The boy, Michael DiGirolamo, who was 11 months old at the time of the incident, was unhurt. He was later adopted by a woman believed to be Rosario DiGirolamo’s sister, according to published reports.
Also indicted by the grand jury Jan. 9 was John A. Russo Jr., 44, of Staten Island, N.Y. Mr. Russo, a former close friend of Mr. DiGirolamo, is charged with one count of fourth-degree tampering with evidence. He is accused of helping Mr. DiGirolamo clean up the Hightstown apartment and suggesting a Staten Island pond as a site to dispose of Ms. Giordano’s remains.
Mr. Russo helped lead law enforcement officials to that pond, where some of Ms. Giordano’s remains were found in a suitcase that also contained photos of the baby boy.

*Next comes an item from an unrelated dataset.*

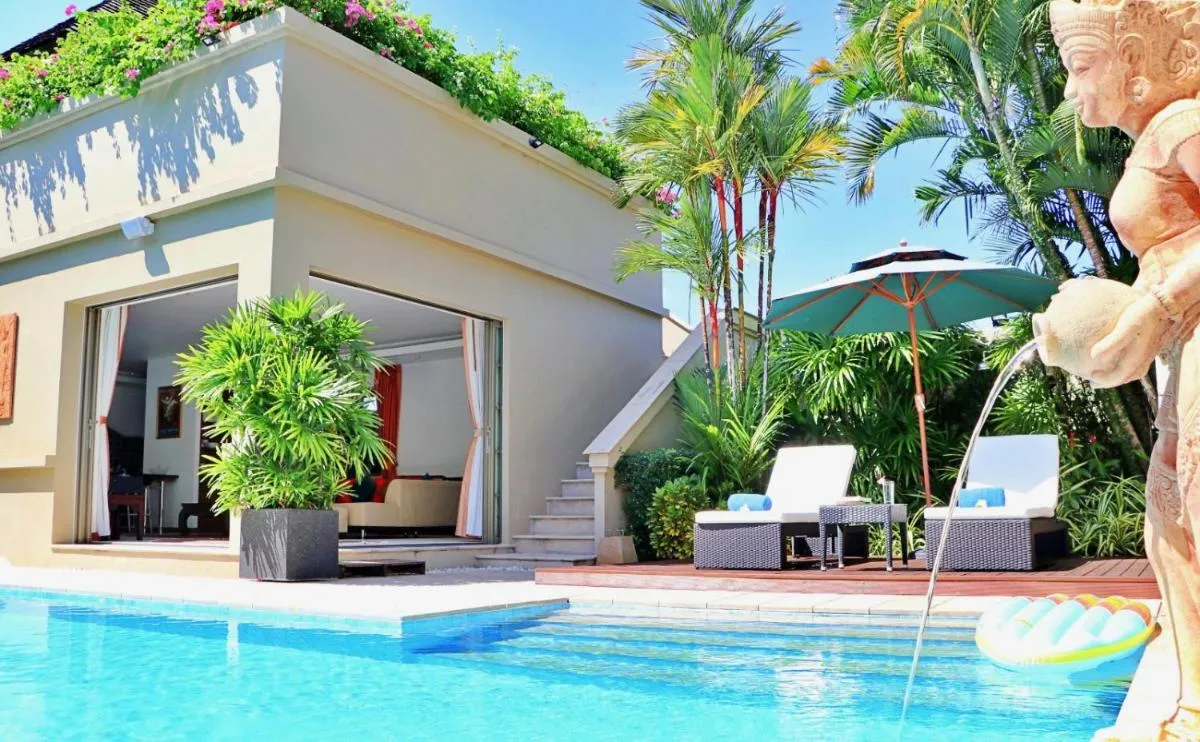 Image 6 of Private Villa Retreat, 10-Min Walk to Bangtao Beach at The Residence Resort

If convicted, he could face a maximum sentence of 18 months in prison.
Mr. DiGirolamo’s wife, Maria DiMaggio, with whom he had parented another son, filed for divorce in the summer.
Prosecutor Joe Bocchini credited Detective James Francis of the prosecutor’s homicide unit, Detective Michael Rosica of the New Jersey State Police, Detective Benjamin Miller of the Hightstown Police Department and Detective Jose Gonclaves of the Monmouth County Prosecutor’s Office with the successful investigation leading to Mr. DiGirolamo’s arrest and indictment. Assistant Prosecutor Tom Meidt, chief of the Homicide Unit, presented the case to the grand jury.